Intervention de Jean-Hugues Ratenon

Réunion du mercredi 24 octobre 2018 à 16h15
Commission des finances, de l'économie générale et du contrôle budgétaire

Photo issue du site de l'Assemblée nationale ou de WikipediaJean-Hugues Ratenon :

Premièrement, la présentation de ce budget et le bleu budgétaire transmis n'affichent pas les mêmes chiffres : la page 2 du document de présentation fait état de 2,525 milliards d'euros d'AE, alors que dans le document définitif, cette même ligne affiche 2,576 milliards d'euros... 50 millions de différence ! Que signifie cette incohérence ? D'où vient cette somme et à quoi va-t-elle servir ?

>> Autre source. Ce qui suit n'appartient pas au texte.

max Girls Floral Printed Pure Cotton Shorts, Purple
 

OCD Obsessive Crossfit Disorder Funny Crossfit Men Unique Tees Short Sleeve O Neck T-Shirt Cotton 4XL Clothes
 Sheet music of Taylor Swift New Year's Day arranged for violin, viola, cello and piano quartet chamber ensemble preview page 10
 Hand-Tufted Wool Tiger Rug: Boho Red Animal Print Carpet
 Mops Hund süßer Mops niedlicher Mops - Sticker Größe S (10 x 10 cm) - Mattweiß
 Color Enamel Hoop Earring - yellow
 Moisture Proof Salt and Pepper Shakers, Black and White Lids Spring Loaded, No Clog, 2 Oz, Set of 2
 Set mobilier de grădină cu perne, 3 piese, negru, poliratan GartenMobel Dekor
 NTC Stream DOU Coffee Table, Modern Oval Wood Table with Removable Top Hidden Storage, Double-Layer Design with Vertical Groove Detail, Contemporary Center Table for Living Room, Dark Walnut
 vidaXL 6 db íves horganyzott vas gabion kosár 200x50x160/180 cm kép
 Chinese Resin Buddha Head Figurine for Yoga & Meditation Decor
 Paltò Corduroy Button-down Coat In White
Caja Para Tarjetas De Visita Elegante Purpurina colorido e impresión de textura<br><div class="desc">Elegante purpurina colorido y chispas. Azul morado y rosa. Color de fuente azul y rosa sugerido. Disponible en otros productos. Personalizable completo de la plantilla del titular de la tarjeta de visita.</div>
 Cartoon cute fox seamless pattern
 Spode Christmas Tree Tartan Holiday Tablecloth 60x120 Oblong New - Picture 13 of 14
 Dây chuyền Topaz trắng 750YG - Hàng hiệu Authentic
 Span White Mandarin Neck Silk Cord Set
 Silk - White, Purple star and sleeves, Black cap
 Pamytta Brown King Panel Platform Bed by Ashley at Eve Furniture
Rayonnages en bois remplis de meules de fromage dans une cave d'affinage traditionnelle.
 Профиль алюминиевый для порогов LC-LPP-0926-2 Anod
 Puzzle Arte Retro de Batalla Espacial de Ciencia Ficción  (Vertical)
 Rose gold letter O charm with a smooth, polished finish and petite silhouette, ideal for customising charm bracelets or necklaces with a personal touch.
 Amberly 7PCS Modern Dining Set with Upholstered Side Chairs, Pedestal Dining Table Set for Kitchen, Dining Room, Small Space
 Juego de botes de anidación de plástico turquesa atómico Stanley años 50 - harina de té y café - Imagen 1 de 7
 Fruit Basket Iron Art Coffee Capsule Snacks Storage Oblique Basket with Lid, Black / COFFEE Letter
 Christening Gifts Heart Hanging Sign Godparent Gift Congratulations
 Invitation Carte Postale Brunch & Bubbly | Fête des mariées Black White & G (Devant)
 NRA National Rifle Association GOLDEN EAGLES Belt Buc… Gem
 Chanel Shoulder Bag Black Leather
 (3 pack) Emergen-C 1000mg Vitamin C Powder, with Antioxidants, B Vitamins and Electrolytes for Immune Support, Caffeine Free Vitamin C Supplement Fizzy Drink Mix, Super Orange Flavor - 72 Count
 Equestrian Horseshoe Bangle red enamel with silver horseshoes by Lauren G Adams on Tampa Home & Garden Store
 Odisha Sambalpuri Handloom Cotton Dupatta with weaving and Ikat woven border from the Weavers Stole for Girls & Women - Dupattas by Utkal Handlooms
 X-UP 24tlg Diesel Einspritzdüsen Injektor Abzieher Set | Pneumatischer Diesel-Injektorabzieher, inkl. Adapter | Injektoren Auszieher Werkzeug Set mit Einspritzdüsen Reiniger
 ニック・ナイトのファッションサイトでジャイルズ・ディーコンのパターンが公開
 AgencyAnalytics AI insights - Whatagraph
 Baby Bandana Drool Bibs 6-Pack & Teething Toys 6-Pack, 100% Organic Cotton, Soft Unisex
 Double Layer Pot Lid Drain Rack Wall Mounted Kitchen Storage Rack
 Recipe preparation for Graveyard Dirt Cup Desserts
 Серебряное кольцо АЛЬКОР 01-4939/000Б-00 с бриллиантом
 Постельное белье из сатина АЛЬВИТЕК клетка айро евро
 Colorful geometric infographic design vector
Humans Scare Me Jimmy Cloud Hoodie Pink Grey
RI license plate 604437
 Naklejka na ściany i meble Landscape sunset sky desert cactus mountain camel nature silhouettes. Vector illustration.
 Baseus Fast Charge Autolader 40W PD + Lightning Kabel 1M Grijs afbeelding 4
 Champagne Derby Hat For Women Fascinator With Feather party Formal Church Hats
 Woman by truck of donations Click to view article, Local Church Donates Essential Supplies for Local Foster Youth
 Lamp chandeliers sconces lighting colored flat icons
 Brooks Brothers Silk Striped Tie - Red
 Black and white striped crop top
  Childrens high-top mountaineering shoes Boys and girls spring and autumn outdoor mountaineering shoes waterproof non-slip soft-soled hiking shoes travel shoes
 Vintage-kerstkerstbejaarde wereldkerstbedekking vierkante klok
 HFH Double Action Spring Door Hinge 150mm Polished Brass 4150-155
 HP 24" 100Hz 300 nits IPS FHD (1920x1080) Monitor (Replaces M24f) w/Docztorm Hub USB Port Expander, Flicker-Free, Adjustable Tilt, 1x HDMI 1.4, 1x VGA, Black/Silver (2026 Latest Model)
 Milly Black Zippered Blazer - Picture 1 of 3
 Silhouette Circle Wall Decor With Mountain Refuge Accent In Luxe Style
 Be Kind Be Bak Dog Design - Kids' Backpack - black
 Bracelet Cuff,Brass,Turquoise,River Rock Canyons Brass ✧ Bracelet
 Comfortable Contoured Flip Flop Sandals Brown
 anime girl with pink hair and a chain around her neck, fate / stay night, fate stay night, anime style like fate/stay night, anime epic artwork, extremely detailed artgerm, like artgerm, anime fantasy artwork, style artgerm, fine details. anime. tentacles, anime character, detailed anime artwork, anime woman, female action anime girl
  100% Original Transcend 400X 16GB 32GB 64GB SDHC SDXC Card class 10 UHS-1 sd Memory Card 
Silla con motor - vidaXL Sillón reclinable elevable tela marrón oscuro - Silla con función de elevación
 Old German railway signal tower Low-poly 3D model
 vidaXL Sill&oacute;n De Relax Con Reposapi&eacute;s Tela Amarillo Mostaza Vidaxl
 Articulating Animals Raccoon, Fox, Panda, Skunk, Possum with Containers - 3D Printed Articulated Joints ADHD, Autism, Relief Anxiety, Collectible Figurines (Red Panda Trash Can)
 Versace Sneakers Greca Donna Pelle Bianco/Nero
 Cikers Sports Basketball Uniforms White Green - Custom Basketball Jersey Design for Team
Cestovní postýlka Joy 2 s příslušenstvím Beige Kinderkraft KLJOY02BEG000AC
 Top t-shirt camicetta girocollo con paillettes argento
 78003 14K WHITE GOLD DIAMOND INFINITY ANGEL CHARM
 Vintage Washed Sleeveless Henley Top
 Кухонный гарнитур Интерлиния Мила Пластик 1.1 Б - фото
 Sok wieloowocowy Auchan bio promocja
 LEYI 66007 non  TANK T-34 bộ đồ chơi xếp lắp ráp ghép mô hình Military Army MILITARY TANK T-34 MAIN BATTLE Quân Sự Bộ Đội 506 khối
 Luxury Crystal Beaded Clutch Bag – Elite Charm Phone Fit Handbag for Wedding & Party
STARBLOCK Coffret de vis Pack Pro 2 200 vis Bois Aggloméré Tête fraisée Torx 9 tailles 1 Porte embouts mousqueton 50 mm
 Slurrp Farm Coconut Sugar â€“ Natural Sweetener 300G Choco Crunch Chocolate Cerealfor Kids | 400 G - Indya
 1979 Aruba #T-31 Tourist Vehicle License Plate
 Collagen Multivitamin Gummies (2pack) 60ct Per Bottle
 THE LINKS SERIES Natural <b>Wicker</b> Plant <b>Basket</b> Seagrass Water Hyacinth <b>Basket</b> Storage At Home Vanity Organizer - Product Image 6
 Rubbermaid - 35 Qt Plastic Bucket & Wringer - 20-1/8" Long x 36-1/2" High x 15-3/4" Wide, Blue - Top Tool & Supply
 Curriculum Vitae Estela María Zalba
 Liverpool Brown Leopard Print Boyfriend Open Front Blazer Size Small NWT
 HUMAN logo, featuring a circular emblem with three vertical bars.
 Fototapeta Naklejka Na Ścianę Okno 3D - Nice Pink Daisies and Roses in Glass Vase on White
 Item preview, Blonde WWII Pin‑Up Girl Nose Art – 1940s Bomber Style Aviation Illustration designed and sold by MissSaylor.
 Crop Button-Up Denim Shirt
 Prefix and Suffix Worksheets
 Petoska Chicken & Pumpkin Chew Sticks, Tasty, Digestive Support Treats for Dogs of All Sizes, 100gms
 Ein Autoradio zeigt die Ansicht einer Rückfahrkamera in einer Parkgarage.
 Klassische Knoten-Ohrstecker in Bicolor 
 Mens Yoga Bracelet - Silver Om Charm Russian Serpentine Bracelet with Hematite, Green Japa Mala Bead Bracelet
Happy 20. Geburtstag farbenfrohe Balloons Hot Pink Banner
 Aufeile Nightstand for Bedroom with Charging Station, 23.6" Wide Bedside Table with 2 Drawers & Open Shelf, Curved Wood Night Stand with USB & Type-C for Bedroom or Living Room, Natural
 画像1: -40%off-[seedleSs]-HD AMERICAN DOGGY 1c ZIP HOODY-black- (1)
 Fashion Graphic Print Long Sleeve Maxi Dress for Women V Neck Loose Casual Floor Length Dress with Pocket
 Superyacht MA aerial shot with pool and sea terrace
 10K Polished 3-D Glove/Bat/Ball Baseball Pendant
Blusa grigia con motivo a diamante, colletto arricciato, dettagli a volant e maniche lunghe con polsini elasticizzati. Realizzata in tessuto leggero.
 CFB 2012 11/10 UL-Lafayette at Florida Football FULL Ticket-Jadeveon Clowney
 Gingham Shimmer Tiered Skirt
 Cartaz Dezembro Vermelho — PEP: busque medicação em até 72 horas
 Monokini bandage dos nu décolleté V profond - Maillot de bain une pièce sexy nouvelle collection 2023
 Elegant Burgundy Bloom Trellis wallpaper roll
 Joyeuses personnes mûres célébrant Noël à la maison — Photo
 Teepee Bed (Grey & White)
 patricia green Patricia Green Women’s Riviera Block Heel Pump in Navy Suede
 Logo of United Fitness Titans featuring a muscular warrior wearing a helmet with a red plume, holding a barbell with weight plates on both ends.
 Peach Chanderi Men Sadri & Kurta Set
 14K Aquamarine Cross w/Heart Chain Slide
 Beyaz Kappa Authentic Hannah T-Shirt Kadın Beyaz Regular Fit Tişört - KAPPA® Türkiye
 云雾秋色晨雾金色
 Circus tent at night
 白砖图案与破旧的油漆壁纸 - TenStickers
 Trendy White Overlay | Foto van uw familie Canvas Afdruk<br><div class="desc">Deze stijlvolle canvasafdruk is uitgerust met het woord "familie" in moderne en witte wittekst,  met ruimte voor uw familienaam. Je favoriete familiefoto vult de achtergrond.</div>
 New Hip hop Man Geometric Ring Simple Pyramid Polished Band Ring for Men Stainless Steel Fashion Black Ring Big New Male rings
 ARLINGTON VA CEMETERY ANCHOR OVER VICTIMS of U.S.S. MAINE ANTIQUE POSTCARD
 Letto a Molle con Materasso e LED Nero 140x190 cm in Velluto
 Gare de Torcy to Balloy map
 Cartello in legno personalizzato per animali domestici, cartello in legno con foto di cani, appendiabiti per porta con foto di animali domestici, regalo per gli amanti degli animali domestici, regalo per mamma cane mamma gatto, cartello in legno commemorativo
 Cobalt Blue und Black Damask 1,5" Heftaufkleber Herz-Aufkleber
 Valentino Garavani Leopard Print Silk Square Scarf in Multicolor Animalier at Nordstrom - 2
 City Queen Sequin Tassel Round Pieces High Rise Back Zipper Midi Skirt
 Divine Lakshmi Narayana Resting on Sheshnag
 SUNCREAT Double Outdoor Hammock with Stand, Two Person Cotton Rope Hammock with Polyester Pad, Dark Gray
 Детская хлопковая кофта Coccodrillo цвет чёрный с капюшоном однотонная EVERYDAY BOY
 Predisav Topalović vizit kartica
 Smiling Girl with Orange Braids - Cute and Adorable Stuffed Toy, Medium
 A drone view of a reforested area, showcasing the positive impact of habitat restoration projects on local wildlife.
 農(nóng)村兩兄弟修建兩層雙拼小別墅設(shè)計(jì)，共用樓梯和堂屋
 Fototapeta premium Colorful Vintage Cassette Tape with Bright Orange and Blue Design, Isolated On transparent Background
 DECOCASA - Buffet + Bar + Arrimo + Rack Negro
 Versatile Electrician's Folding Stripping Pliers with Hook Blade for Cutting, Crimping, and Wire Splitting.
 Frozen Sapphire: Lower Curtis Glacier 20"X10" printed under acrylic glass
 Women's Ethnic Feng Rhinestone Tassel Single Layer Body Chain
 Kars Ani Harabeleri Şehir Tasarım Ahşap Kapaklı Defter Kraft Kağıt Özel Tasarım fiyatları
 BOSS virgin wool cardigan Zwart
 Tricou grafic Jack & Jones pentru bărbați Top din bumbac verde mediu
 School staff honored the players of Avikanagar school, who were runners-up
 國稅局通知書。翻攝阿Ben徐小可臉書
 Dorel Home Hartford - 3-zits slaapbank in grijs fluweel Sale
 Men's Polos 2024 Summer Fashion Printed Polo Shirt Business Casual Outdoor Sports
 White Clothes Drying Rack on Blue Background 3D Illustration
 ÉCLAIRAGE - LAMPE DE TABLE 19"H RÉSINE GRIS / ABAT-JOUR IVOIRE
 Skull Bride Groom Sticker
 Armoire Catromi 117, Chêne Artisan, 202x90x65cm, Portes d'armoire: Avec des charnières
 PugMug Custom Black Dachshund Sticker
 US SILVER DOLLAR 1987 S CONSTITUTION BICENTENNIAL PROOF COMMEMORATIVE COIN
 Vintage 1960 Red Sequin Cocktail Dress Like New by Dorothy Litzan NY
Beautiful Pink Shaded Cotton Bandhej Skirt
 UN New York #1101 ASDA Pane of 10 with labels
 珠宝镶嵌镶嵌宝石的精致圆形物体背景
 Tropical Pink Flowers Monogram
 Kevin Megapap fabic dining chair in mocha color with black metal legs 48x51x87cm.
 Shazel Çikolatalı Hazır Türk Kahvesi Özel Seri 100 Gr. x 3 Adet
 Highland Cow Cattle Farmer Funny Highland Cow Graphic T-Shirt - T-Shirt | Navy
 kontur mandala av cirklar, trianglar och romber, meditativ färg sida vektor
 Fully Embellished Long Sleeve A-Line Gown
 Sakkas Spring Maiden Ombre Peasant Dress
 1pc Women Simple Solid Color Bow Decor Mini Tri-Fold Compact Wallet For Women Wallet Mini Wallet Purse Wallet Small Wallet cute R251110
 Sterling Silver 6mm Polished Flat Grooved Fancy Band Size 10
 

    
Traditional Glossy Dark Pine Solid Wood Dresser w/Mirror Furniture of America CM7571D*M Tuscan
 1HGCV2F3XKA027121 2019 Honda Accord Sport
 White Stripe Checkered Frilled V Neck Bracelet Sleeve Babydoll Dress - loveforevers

Deuxièmement, où est le document de politique transversale ? Ce document recense les affectations budgétaires dans chaque outre-mer. C'est un élément précieux qui nous permet de travailler sérieusement sur le budget. Mais cette année, nous ne l'avons pas. Est-ce pour essayer de nous tromper, ou une volonté de saboter le travail des parlementaires ?

Au-delà de ce flou, j'aimerais appeler l'attention de ceux qui nous écoutent sur le traitement des amendements. Un simple exemple : l'an dernier, en séance, les députés sur tous les bancs avaient voté mon amendement sur l'enseignement des langues d'outre-mer et la lutte contre l'illettrisme. Et par un tour de passe-passe, il a disparu... Je le redépose cette année, et voilà qu'il n'est même plus recevable pour être examiné ! Comment expliquer cela ?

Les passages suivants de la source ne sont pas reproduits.